The Drosophila body plan is set up by the action of three sets of maternally contributed genes: the anterior, posterior and terminal systems. The terminal system requires local signalling through the torso (tor) receptor tyrosine kinase, which specifies the extreme tips of the head and tail. The anterior and posterior systems consist of localized mRNAs that, once translated, form gradients that regulate target genes in a concentration-dependent manner. The homeoprotein Bicoid is the most notable among the anterior-group genes, and embryos born to bcd mothers lack a head, thorax and part of the abdomen.

Schaeffer et al. show that, in the anterior of the fly embryo, bcd and tor are part of two independent pathways that share common target genes. What's more, a deletion mutant of bcd that is expressed 3–4 times higher than the wild-type protein can rescue the phenotype of the tor pathway, to give embryos with normal anterior structures. Indeed, increased doses of wild-type Bicoid protein suffice to rescue the anterior defects of terminal-pathway mutants. This argues that one function of Tor is to potentiate the anterior system, as the rescue occurs by upregulating downstream targets, such as huckebein .

The additive effect of the terminal system on bcd had already been suspected: hypomorphic mutants of bcd, or mutations in the genes that localize bcd mRNA, look virtually identical to embryos with terminal phenotypes, with double mutants being much more severe.
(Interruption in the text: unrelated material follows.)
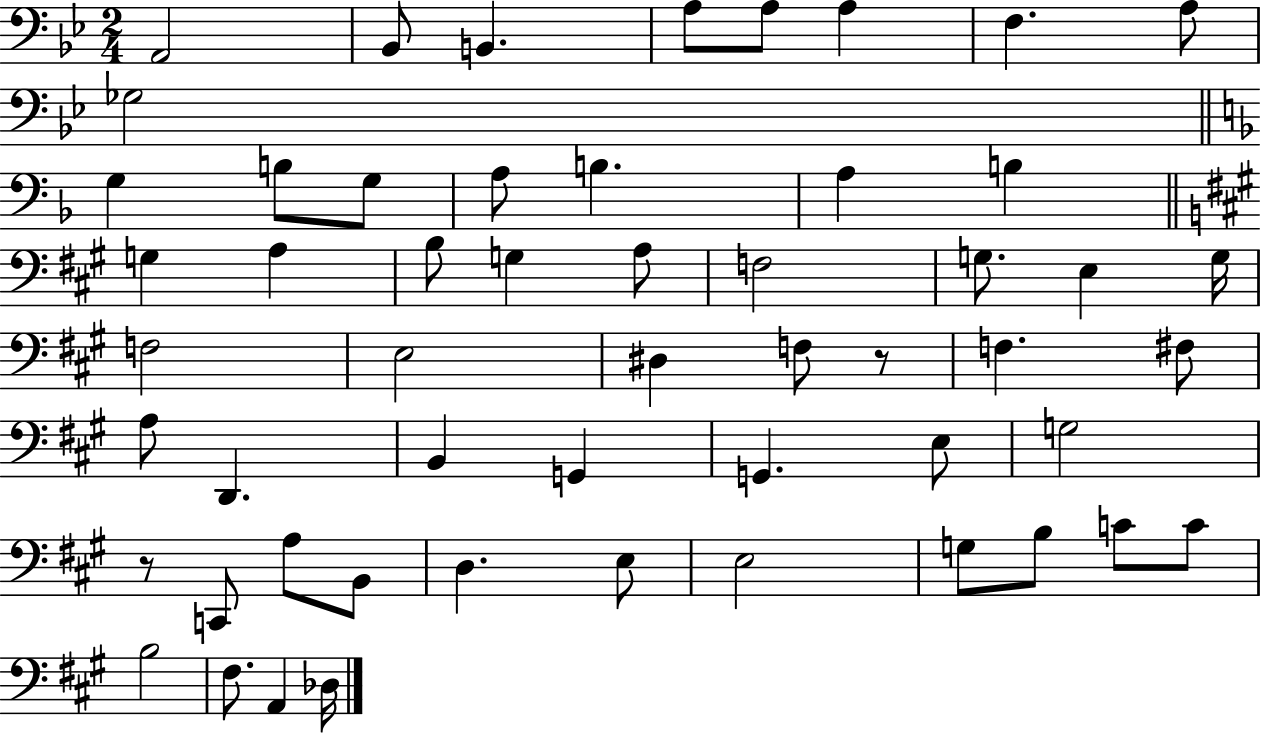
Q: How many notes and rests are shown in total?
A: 54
In addition, correct huckebein expression can be induced by either Tor or Bcd activity alone.

Bicoid seems to be a recently acquired gene in fruitflies, and the use of bcd and tor at the anterior is an eccentricity of Drosophila.

If, as is proposed, Tor antagonises repressors of Bcd targets then, in insects that lack bcd, the anterior terminal system could assist other genes (e.g. orthodenticle, thought to be one of the ancestral head determinants). The fact that tor is dispensable for head development might explain why most insects (e.g. with short germband development) can form a head even if it develops further down the egg.

References

ORIGINAL RESEARCH PAPER

  1. Schaeffer, V. et al. High Bicoid levels render the terminal system dispensable for Drosophila head development. Development 127, 3993–3999 ( 2000).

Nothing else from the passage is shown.